Saturday, October 6, 2012

Complete Honesty

     I am going to be completely honest in this post. First off, I think boys are dumb. They do not make sense to me at all. When my coordinator constantly smiles at me like she knows something I don't, people have bets going on when (not if) I will get married to a specific person, I hang out with this person all of the time, and he even brings you hand warmers to the football game, I feel the ultimate in confusion because he has a girlfriend. If one more person tells me we make a cute couple I might freak out on them. I know we do. There is a problem though. He has a girlfriend. I just happen to be with him a lot. Our relationship has changed over the past couple weeks. We tease each other more, we have a lot more fun together, and he even hugs me and opens doors for me. Way to go Megan. You re-developed this crush you worked so hard to get rid of, and now he has a girlfriend.
     So, on to the next item of business. I finally had to tell myself that I am a workaholic and I like it that way. If I am not busy, I do not get anything done. Seriously I had a day to do nothing, and I literally got nothing done. No homework, no cleaning, no nothing. Also, I am extremely independent. I hate people doing things for me. I like to do things myself. So, now that my wrist is messed up, it is hard for me to take a step back and every once in a while let someone help me do something.
     I would also like to point out that I had a wonderful time at the Relief Society activity I went to this week. I was there from 7 to about 10:30, and I enjoyed every minute of it. I needed time to get away from everything school related and have fun eating, doing nails, sitting in the hot tub, doing spotlights, and getting to know some of the girls in my ward. It was so nice.

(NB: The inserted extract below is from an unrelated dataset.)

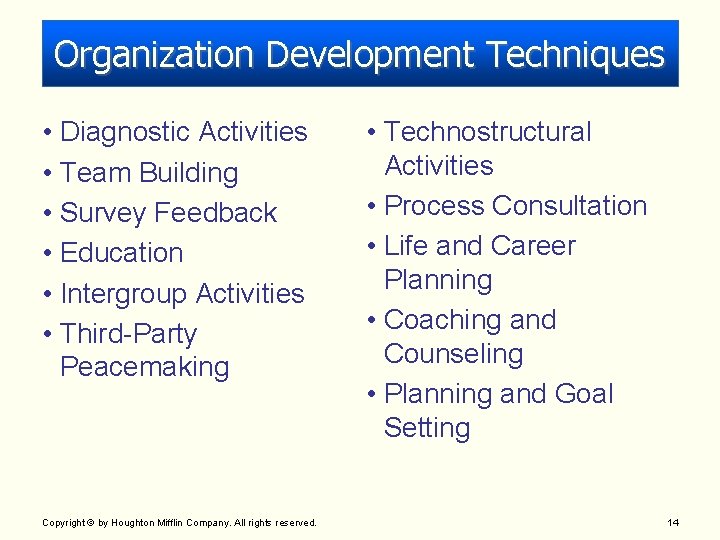 Organization Development Techniques • Diagnostic Activities • Team Building • Survey Feedback • Education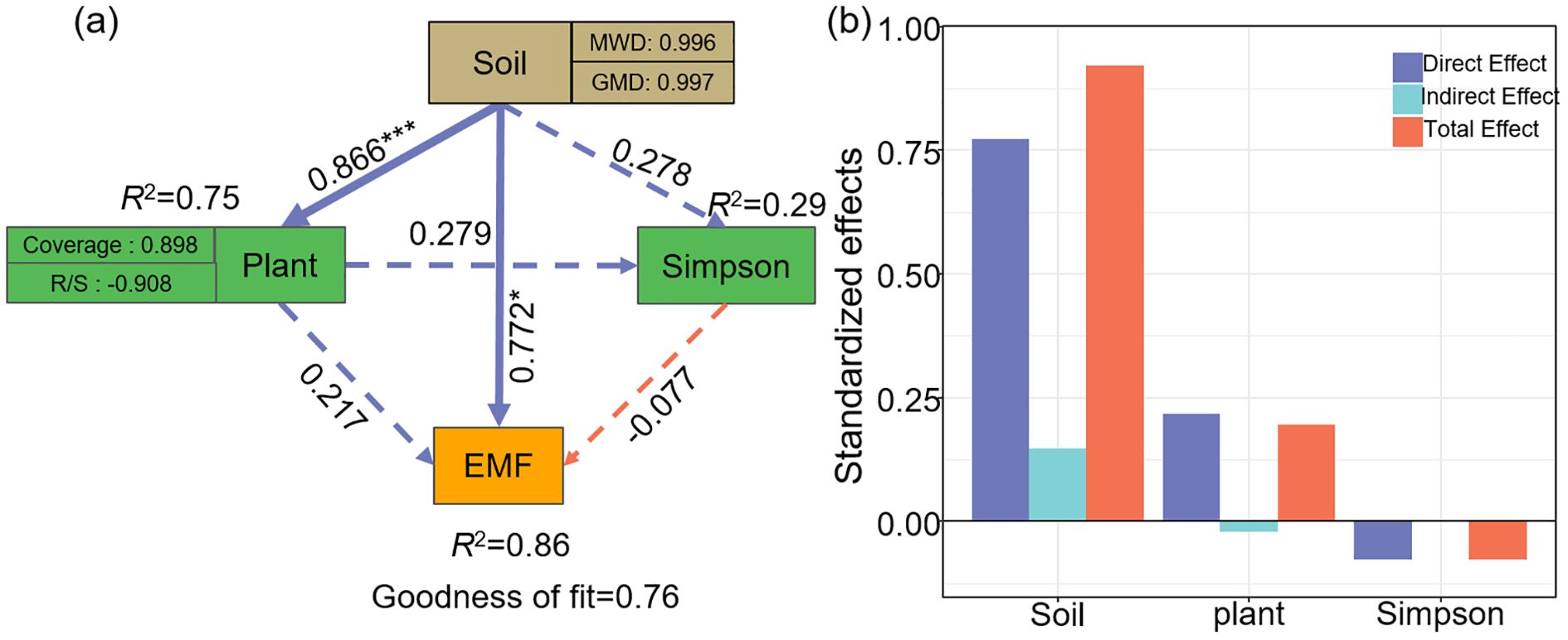 Diagram (a) depicts a structural equation model with arrows showing relationships between soil, plant, Simpson index, and EMF. Values along the arrows indicate effect strengths, with a goodness of fit score of 0.76. Chart (b) is a bar graph illustrating standardized effects of soil, plant, and Simpson index with bars representing direct, indirect, and total effects in various colors.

     Also, I have found out that as my life has seemingly come crashing down around me, it is giving me a chance to redefine my priorities and build myself up stronger. I hate taking tests and I always will. I am just not good at it. The Testing Center stresses me out to the max. I do not know why, but I cannot do well on a test this semester. I do not do terribly like last year when I got a 40 on one of my tests, but it irritates me that I cannot do well. Then, I have the boy problem. How can my life be so complicated when I am not even dating someone? Then, I have homework that I have no desire to do, eating is a bore, and when I wake up every morning I feel more tired than I did when I went to bed. What is going on? But, like I said I am slowly building myself up stronger.
     I am getting to be really good friends with all of my new roommates. I got to take time to spend with my old roommates on Tuesday, but that is the extent of it. I have been trying to not be with them as much as sad as that may be. I want my new roommates to like me, and they will never know how cool I am if I am never home. Then, I am working even harder in BYUSA without putting in as many hours. I am also working on homework and trying to focus on it more. As for the boy... well, I may never figure that out. My mom said he was just testing me, but I know he will never go out on a date with me as long as we work together since he is such a stickler for keeping relationships professional since we work together. Gosh darn it. I am working on it.
     As for tonight... Well, I went to the football game. We beat Utah State six to three. I love karma. The past two years of us winning is karma coming back for all of the crap I put up with in seminary. Gotta love it. Like I said, this boy brought me hand warmers and made sure my wrist was okay. When I left the game, I came back and spent more time with my roommates. They found me a new theme song. I love them. Seriously. We all piled on the love sac, listened to music, talked, laughed, and had a dance party. Well, that is my life right now. Fun, kind of chaotic, annoying at times, lovely, full of laughter, and the ultimate in confusion. In devotional we were told to look for blessings from the mundane to the magnificent. Mundane: I made it through this week. Magnificent: I made it through with new friends, new goals, and a new me.